Strategies for miRNA/anti-miR delivery to kidney, which include pharmacological modification of miRNAs/anti-miRs, and vehicles/carriers embedding miRNAs/anti-miRs. Pharmacological modification: 1) chemical modifications such as phosphorothioate (PS) (Yheskel et al., 2019), 2ʹ-O-methyl (Straarup et al., 2010), and locked nucleic acid (Lendvai et al., 2005) all result in a high kidney uptake through intravenous injection. 2) Bioconjugates can address some oligonucleotide delivery challenges, such as improving biodistribution to a specific region or cell type (e.g., antibodies, DNA tetrahedrons) (Benizri et al., 2019), promoting endosomal escape (e.g., CPP) (Miguel et al., 2020), increasing receptor-mediated transport (e.g., GalNAc), and/or improving ability to cross cell and endosomal membranes (e.g., pHLIP). (Rohde et al., 2015; Wagner, 2015). Delivery vehicles or carriers comprise two main methods. 1) exosomes derived from various cell types, like mesenchymal stem cells, have the potential to be drug carriers for ncRNAs or oligonucleotides due to their stability, minimal immune response, and editable surface with various RNAs loading strategies including diffusion via a concentration gradient, transfection, or physical treatments like electroporation, which can also expand the cargo loading capability of exosomes (Jin et al., 2021). 2) Nanoparticles, which refer to a stable structure with a protective layer that can encapsulate and protect inner agents, and be modified with ligands or antibodies on their surface for kidney-specific targeting at a nano scale, have the potential to improve the pharmacokinetics, biodistribution, toxicity, and efficacy of encapsulated drugs: 1) inorganic system like pSi and magnetic particles (Tsai et al., 2019); 2) polymeric system including synthetic polymerics like polymeric CXCR4 inhibitors (Tang et al., 2022) and natural polymers such as chitosan (Chen et al., 2019); 3) lipid-based system (Su et al., 2022); 4) carbon-nanotubes (Alidori et al., 2016). LNA = locked nucleic acid; CPP = cell penetrating peptide; GalNAc = N-acetylgalactosamine; pHLIP = pH (low) insertion peptides. Created with Biorender.com.

6 Conclusion

MiRNAs and lncRNAs are emerging as indispensable regulators in the development of PKD. The discovery of aberrantly expressed ncRNAs in both PKD models and patient samples, provide clues for new molecular mechanisms of PKD pathogenesis and potential applications as biomarkers or therapeutic targets.

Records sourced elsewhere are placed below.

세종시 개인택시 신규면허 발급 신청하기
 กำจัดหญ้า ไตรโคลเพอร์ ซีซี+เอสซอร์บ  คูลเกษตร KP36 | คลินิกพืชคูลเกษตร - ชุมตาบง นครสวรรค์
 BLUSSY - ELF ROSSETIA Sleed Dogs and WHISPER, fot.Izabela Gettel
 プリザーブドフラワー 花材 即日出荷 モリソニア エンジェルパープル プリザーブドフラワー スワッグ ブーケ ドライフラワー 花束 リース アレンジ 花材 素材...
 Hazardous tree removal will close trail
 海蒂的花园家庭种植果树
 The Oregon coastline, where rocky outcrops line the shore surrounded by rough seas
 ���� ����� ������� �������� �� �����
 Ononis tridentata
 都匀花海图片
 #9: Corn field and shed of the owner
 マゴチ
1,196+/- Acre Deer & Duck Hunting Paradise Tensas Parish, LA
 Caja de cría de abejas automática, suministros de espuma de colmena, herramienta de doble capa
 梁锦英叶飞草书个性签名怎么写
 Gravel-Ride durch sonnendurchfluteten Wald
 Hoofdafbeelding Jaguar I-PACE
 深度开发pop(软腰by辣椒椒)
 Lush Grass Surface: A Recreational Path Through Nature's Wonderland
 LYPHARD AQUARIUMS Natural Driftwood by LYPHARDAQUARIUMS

Nevertheless, there are significant gaps, such as observed differences in efficacy between PKD animal models and clinical trials, issues with kidney-specificity of ncRNA delivery, and also off-target effects observed between ncRNA preclinical studies and clinical trials for PKD. The preclinical and clinical outcomes of RGLS4326 and RGLS8429 may provide valuable knowledge for ncRNA-based therapeutics in PKD. Moreover, precise ncRNA profiling of human specimens are still challenging and require further optimization. Importantly, the potential roles of other ncRNAs (in addition to miRNAs and lncRNAs) in PKD remain uninvestigated. Further studies are needed to support the emerging implementation of ncRNAs as therapeutic biomarkers and targets for patients with PKD.